═════ SUPPLIED ENTRIES

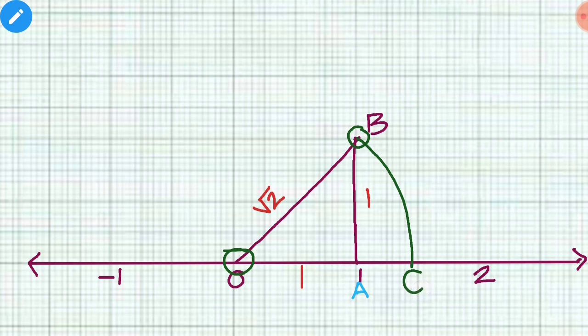This point C represents the position of root 2 on the number line. C is the location of the number root 2 on the number line.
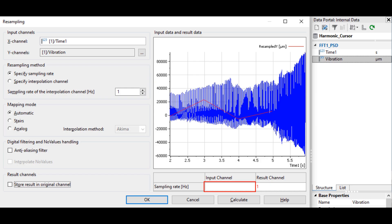The DATEM Resampling Analysis Calculation tool maps a signal to a new user-specified sample rate. Several mapping mode options allow you to customize the resampling calculation. The tool also allows you to identify the sample rate of the input channel.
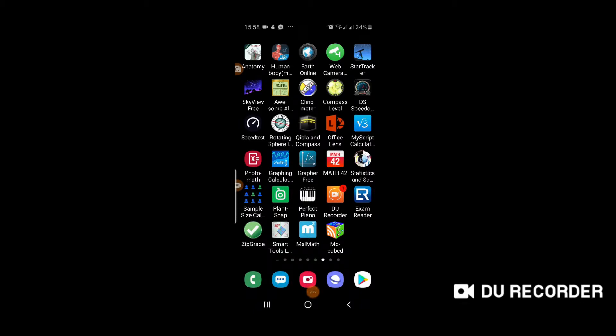Assalamu alaikum friends. Today's application is called Mobile Molecular Modeling Software. This app is available on the Google Play Store — you can just go there, type the name of the app, and download it from there.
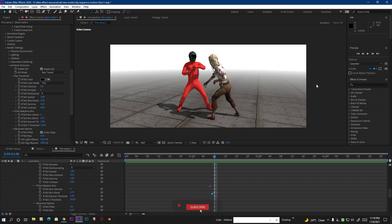Hello friends, welcome back. This is Amit from Magnet, and today we are going to learn how we can put a motion blur on an OBJ sequence inside Element 3D. It's a quick video on how we can apply motion blur, because whenever we put any OBJ sequence, we see that there is no motion blur even if we turn the motion blur on.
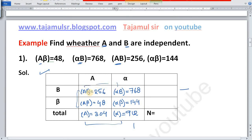AB plus αB — the α cancels — giving us frequency of B: 256 plus 768 is equal to 1024.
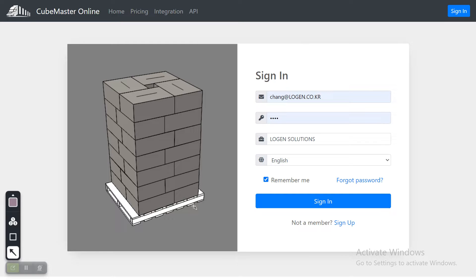Hello guys, this is Angel Cheng from Lojen Solutions. Today's video will show you how to build a pallet load by using QMath online.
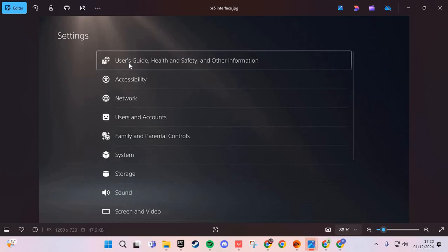If that doesn't work, uninstall and reinstall Fortnite.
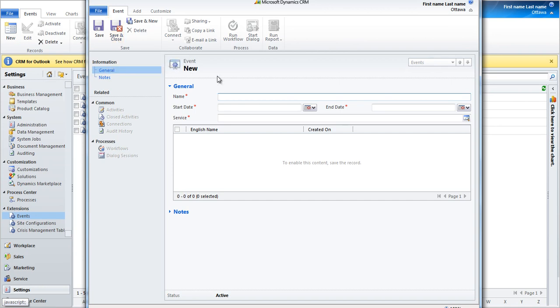To create events, you need to fill in the name of the event, the start date, the end date, the service this event will be for, as well as the sites the event will be availed on.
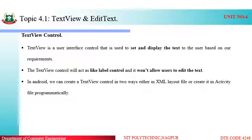In Android, we can create a text view control in two ways: either in the XML layout file, or create it in the activity file programmatically. We can use it via drag and drop using the XML file, or we can programmatically develop a text view control inside the activity file. It depends upon the user how to design it, but the simpler way is to use the XML file.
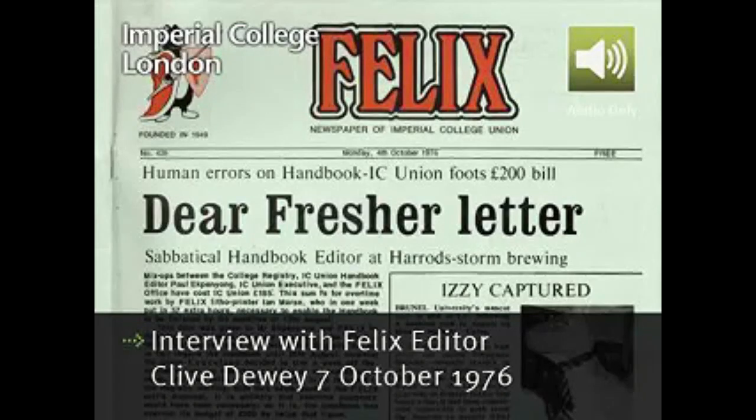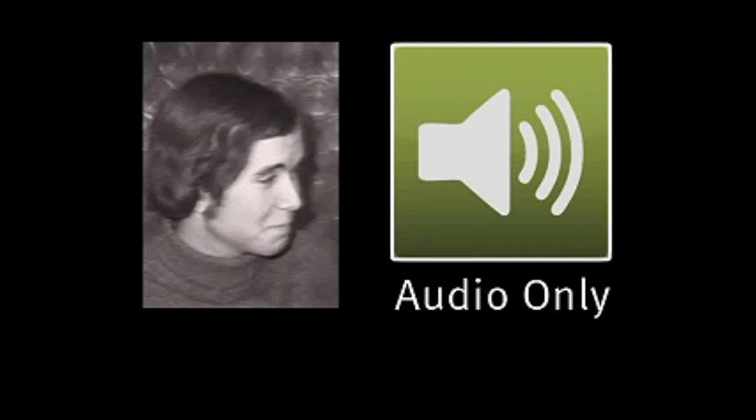Most of you will by now have seen this publication, Felix, in your departments. The editor of Felix is with me now, Mr. Clive Dewey. Clive, firstly, what do you intend to do with Felix from now on? We've had a bumper first edition. What are the subsequent editions going to be like?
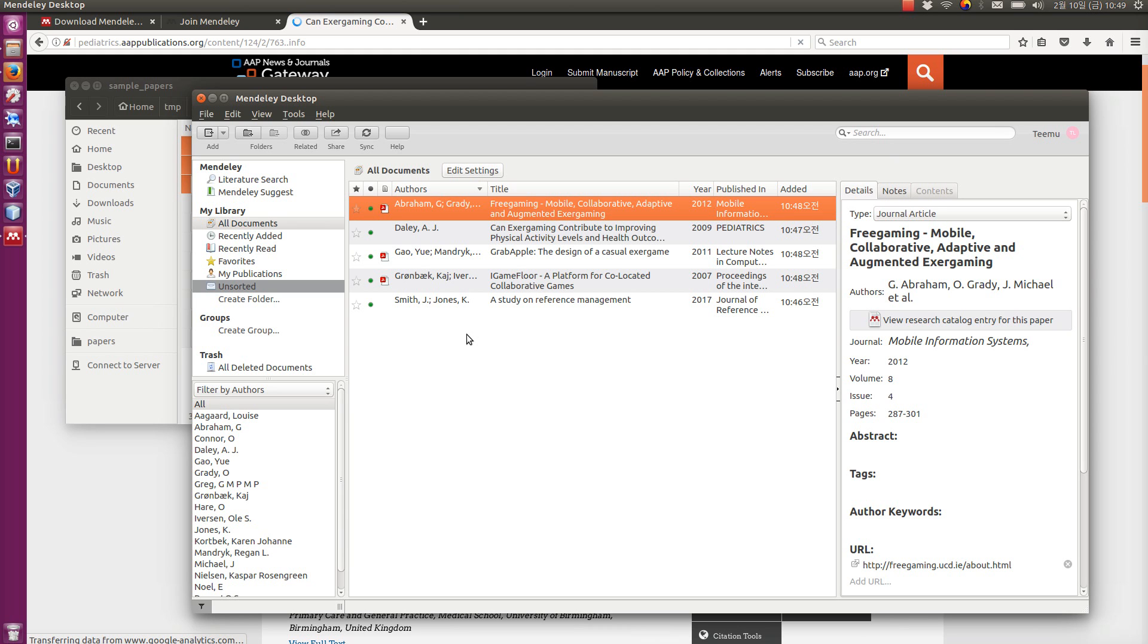Well, that is all about importing references and setting up this tool. In the next video, I am going to show you how to actually use these references in your LibreOffice or Word document to write scientific text. Thanks for watching.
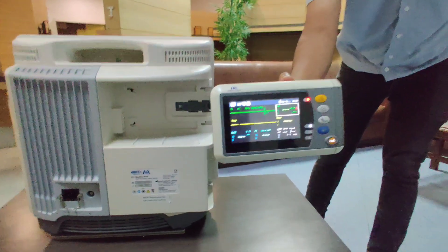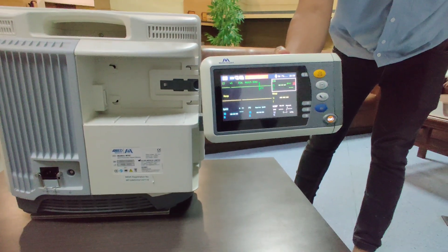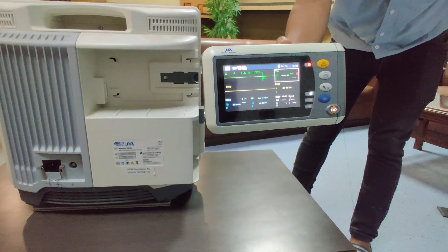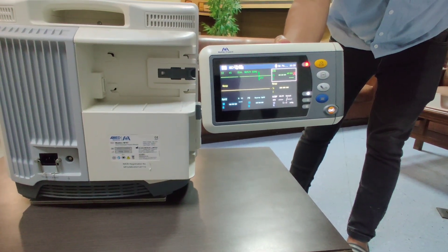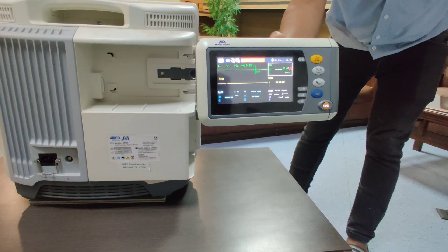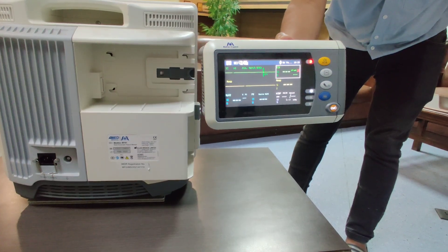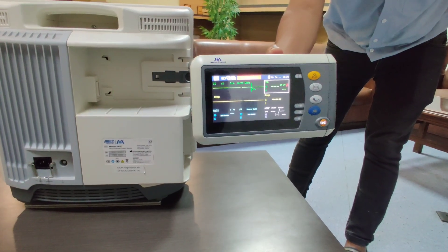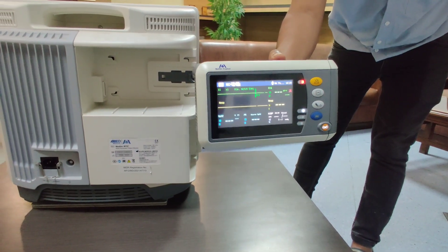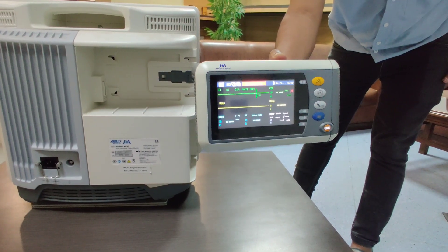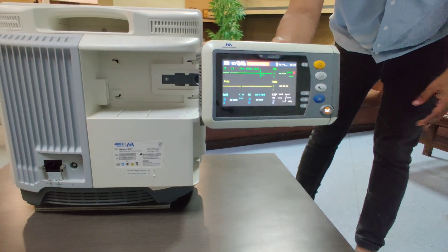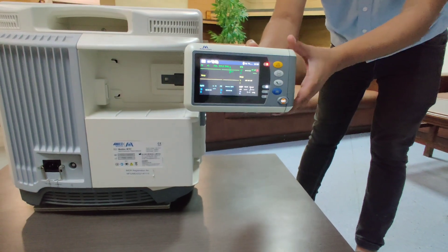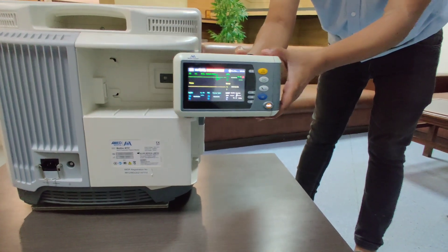This small monitor can be used for transporting the patient within the hospital or outside the hospital. It has all the connectors on the side.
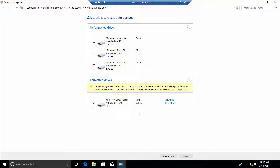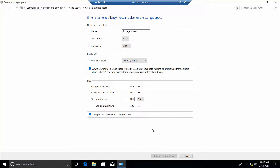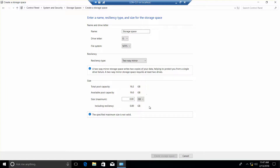So we're going to use the one we've already formatted. Simply click on Create Pool, and you'll see it's been assigned to an E. Now we click on the drop-down. You can do a simple, two-way, three-way, or even a parity. We're going to keep it as the default, and we'll go ahead and assign a maximum of 19.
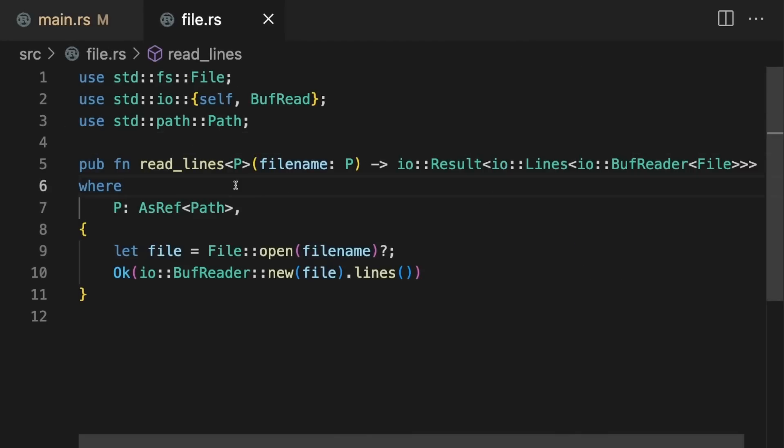The file module contains a helper function, which will return an iterator over lines read from a file on disk.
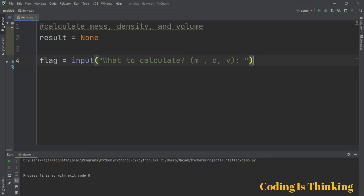If the user enters M, we will calculate the mass. If the user enters D, this program will calculate the density — it takes the value and calculates that particular property. And if the user enters V, this program will calculate the volume.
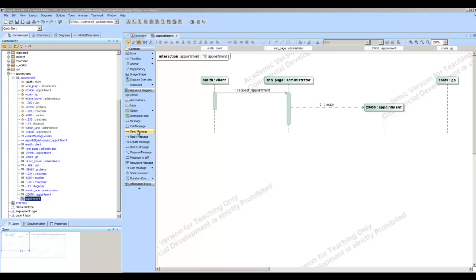Probably what we want to do now is make our model more complex. The first thing we might do is change some of these messages from signal messages to call messages. You might think you can just click on the message and change some option to convert it, but it doesn't work that way — you have to delete the message and create a new call message.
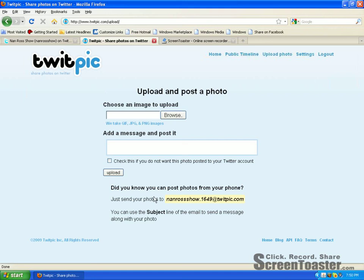The second way is that you can post your photo from your phone — I've done it with my BlackBerry. They assign you an email address. My email address would be nanrosshow.1649 at twitpic.com. The 'nanross' part is your username, so your email address will be your username, a dot, and then a four-digit PIN assigned to you. That's going to be part of your email address.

══════════

Retype only the lines above from the one with "Assalamu alaikum friends." through the one with "In Android, we", exactly and with both ends. Images stay out.

Assalamu alaikum friends. Today's application is called Mobile Molecular Modeling Software. This app is available on the Google Play Store — you can just go there, type the name of the app, and download it from there.
Hello friends, welcome back. This is Amit from Magnet, and today we are going to learn how we can put a motion blur on an OBJ sequence inside Element 3D. It's a quick video on how we can apply motion blur, because whenever we put any OBJ sequence, we see that there is no motion blur even if we turn the motion blur on.
AB plus αB — the α cancels — giving us frequency of B: 256 plus 768 is equal to 1024.
Hello guys, this is Angel Cheng from Lojen Solutions. Today's video will show you how to build a pallet load by using QMath online.
If that doesn't work, uninstall and reinstall Fortnite.
To create events, you need to fill in the name of the event, the start date, the end date, the service this event will be for, as well as the sites the event will be availed on.
In Android, we can create a text view control in two ways: either in the XML layout file, or create it in the activity file programmatically. We can use it via drag and drop using the XML file, or we can programmatically develop a text view control inside the activity file. It depends upon the user how to design it, but the simpler way is to use the XML file.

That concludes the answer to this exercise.